▶ [Prompt] From the data that follows, set down exactly the lines from the one with "Enclosed sun room" through the one with "Tractor clearing downed limbs from a road", counting both. Pictures stay out.

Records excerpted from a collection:
>>>>>

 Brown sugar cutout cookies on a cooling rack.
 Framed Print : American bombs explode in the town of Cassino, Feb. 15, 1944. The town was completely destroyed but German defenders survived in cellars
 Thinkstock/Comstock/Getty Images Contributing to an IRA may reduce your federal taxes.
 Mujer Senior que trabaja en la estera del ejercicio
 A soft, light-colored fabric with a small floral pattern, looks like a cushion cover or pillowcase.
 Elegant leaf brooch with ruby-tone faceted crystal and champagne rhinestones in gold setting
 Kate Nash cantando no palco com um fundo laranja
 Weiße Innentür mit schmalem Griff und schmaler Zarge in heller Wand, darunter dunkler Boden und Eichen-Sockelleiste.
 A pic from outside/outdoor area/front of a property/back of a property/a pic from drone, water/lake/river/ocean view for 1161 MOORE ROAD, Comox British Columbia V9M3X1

<<<<<
>>>>>

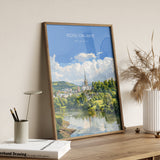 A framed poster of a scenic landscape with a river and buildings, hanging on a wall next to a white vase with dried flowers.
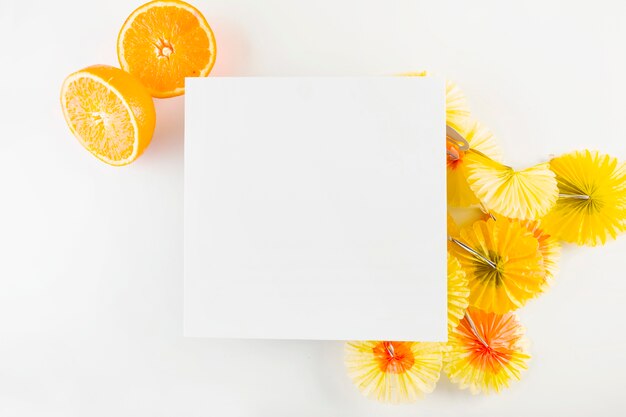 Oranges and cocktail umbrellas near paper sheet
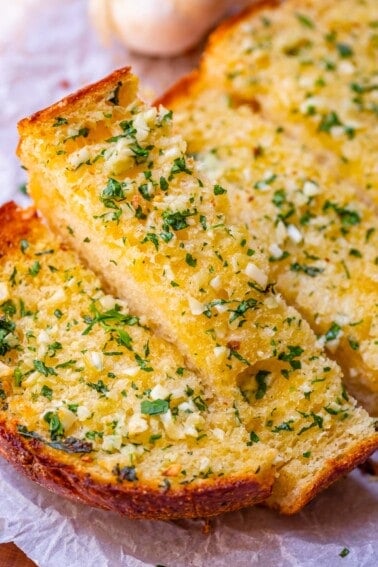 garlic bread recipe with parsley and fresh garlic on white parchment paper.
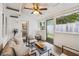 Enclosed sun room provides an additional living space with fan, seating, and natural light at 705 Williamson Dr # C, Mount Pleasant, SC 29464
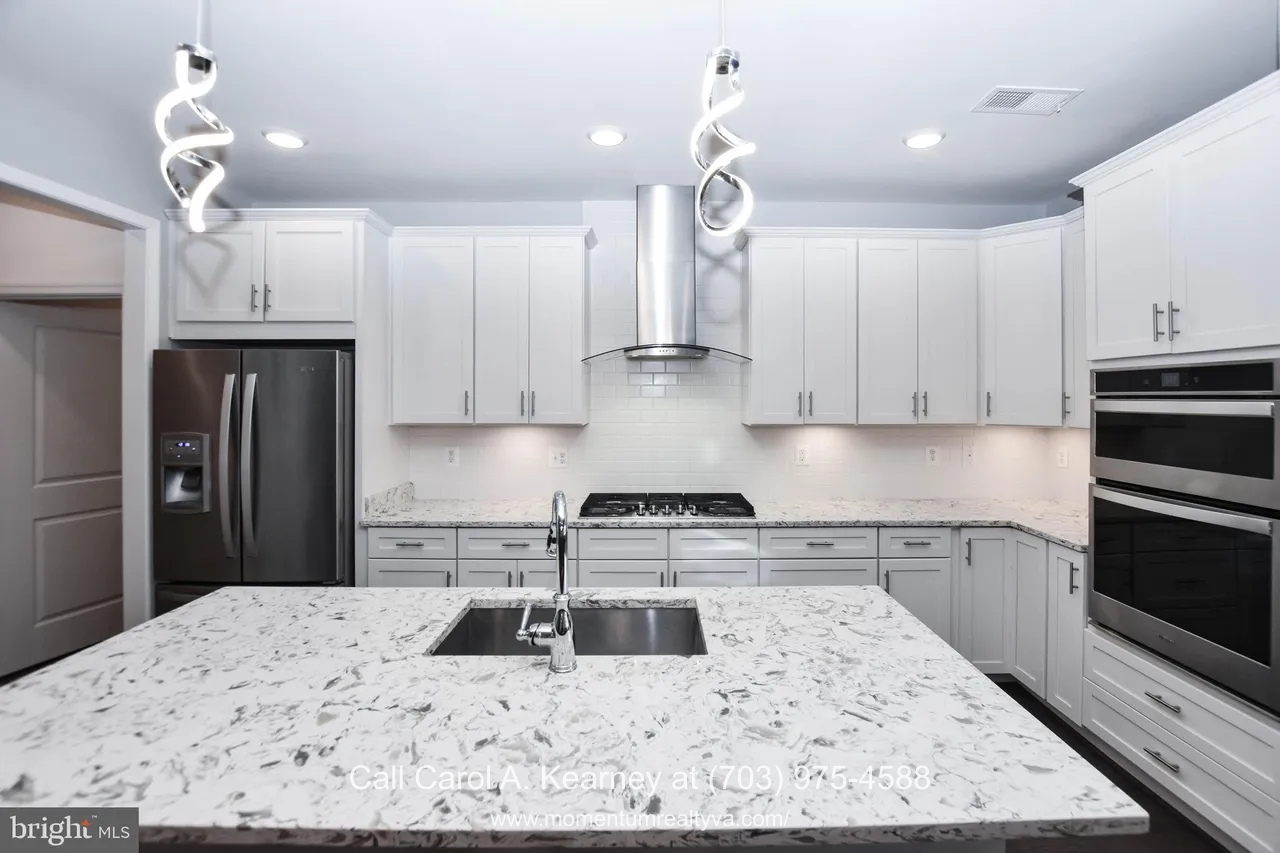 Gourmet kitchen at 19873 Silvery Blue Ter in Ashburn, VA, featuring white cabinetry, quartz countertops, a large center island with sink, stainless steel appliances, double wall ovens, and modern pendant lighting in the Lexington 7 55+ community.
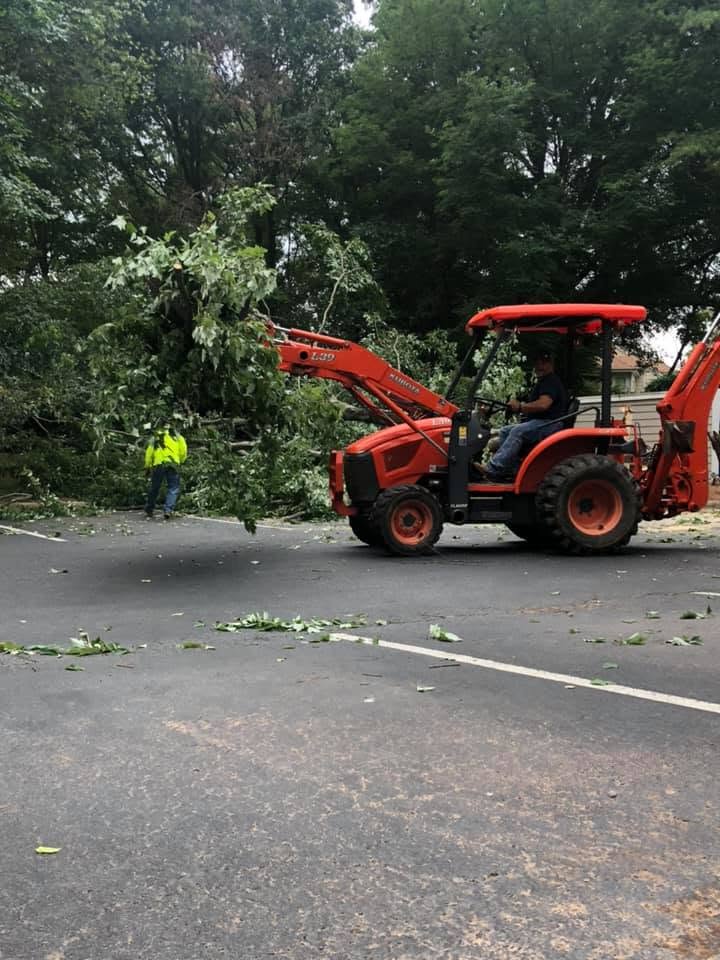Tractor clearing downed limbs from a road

<<<<<

▶ [Answer]
 Enclosed sun room provides an additional living space with fan, seating, and natural light at 705 Williamson Dr # C, Mount Pleasant, SC 29464
 Gourmet kitchen at 19873 Silvery Blue Ter in Ashburn, VA, featuring white cabinetry, quartz countertops, a large center island with sink, stainless steel appliances, double wall ovens, and modern pendant lighting in the Lexington 7 55+ community.
Tractor clearing downed limbs from a road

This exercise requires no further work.